Friday, November 06, 2015

Spectre (movie review)

old_neighborhood

I started watching Bond movies in middle school at the Teatro Archimede (no longer in business) in a high density suburb of downtown Rome, near Piazza Euclide (red balloon on image), our family apartment being near Piazza Ungeria, Viale Parioli Twenty-Five (closer to right edge, across from that roof-top swimming pool).

You may imagine I was nostalgic for Rome, a great city for a car chase.  Bond stuck behind that Cinque Cento... hilarious.

I think we were all afraid the cars would blast into St. Peter's basilica itself, which would have been in poor taste most likely, and the franchise wisely steered clear, though does allude to the priesthood in passing.

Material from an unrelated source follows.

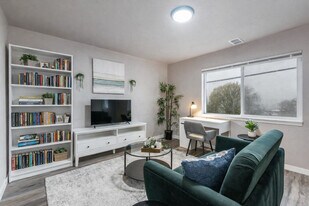 1818 Court F in Tacoma, WA - Building Photo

I remember taking my daughter to her first Bond film in Santa Fe.  Dawn was on oxygen and Apria helped us orchestrate some high tech logistics.  Santa Fe under snow is something else.  This new Bond guy was just getting going with Casino Royale.

I had a lurking suspicion I might have missed one and I did, Quantum of Solace, but this episode maintains continuity with the last, not breaking the storyline, and keeping with Daniel Craig.

A lot of the "intelligence lore" is converging to the same plot lines anyway:  automation is putting even these pros out of business.  They plan to phase out all the "double ohs" with their too human judgements.  Computers are taking over, along with minions and drones.

Lets cut to the BBC radio interview (replayed in the US) of two disguised-voice MI6 types, having more fun around this movie, assuring the public that the real spies of the British intelligence apparatus are quite the opposite of Bond in so many ways, but especially in brashness.  Whatever happened to self-effacing?  Bond keeps making a spectacular spectacle of himself (luckily for movie-goers).

However, this "we're just goody-two-shoes government servants" line plays into the poking and prodding these spy thrillers get away with.  The Marvel Comic style projection, with moments for uncomplicated self reflection by almost robotic characters (that's a compliment) is a good fit for the big screen and its hoodwinks and hi-jinx.  The more serious-minded derive their thrills in other ways, through John le CarrĂ© (a pen name) perhaps.  Different strokes for different folks.  Some read Tom Clancy (not me).

The suggestion that all this trashing of real estate and pouring through expensive merchandise, in addition to loss of life, has to do with sibling rivalry, family feuding, is a great statement on history.  I'm reminded of another spy novel of sorts, The Jew of Linz, which makes all of WWII a closet brawl between two school boys (young Adolf and Ludwig, Hitler vs. Wittgenstein) who presumably couldn't stand each other (the record is open to interpretation) -- and the rest is history as they say.  Makes a good story, as many spy stories do.

Our Portland audience at Cine Magic Theater was entertained, with a burst of laughter when the violence turns to sex per an abrupt and well worn formula.  That's the Bond brand, meant as light fare with some gorgeous photography and lots of beautiful people.

Back to movie magic, the seemingly seamless blending of reality and imagination is pushed to the state of the art in Bond films.  The London landscape is as plastic as Narnia's, it sometimes seems.